(Input records begins)

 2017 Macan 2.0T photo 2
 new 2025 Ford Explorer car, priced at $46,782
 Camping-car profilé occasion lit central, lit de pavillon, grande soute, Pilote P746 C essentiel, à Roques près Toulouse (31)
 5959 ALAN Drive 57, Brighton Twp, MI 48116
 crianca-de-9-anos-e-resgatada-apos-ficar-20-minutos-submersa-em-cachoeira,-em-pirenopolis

(Input records ends)
(Input records begins)

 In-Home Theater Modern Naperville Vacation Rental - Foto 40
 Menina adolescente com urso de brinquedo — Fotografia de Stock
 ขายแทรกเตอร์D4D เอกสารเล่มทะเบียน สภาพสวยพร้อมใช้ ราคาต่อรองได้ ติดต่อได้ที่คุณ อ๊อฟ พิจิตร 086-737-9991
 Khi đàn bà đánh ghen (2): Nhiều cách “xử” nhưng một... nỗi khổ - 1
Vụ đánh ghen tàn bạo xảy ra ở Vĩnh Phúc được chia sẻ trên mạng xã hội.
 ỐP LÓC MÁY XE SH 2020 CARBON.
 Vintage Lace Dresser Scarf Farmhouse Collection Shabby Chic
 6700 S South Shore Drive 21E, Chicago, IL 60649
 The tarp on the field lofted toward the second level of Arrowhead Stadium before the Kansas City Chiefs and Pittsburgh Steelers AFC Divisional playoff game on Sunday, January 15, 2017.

(Input records ends)

Aim of the exercise: A single number is the expected answer: how many lines of the records above contain the word "Drive".

Exercise output: 2